UA Research Computing

HPC Examples

Converting a Jupyter Notebook to Run in Batch

Overview

Jupyter notebooks are available through our Open OnDemand web interface. This is a great, user-friendly tool and works well for many types of analyses. However, there may be some cases when it might be advantageous to run jobs in batch instead. For example, if a job takes several hours or days to complete it might be inconvenient to have to keep your computer and browser active for the duration of the run.

Batch jobs, on the other hand, are automated by the system and allow you to log out, close your computer, and walk away without interrupting your work. You can even request email notifications to be sent when your job is complete (do not do this for array jobs!).

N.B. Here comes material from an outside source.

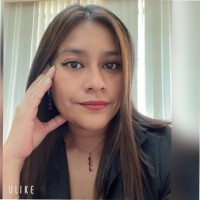 Irene J.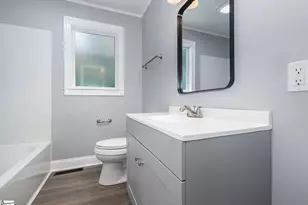 121 E Decatur St, Greenville, SC 29617 - Photo 21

In this example, we’ll start with a Jupyter notebook that generates an image. To convert this workflow into something that can be run in batch we will:

  1. Edit the notebook to save the image to an output file instead of displaying it.
  2. Log into HPC using a terminal or SSH client.
  3. Start an interactive session.
  4. Convert the notebook to a Python script.
  5. Write and submit a batch job.

Edit the Notebook

The code used to generate the histogram in this example was borrowed from matplotlib’s documentation.

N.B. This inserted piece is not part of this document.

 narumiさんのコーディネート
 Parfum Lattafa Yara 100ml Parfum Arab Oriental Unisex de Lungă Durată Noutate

Let’s say we have a Jupyter notebook saved in one of our directories on HPC called Hist-Plot.ipynb. We can open this file by starting a Jupyter Notebook session through Open OnDemand under Interactive Apps.

Jupyter-file

The file in this example generates an image using matplotlib and displays it to the screen using plt.show()

Example-output

If we try running this script in an environment where images cannot be forwarded to our screen (e.g., in batch), we will not receive our image at the end of the run.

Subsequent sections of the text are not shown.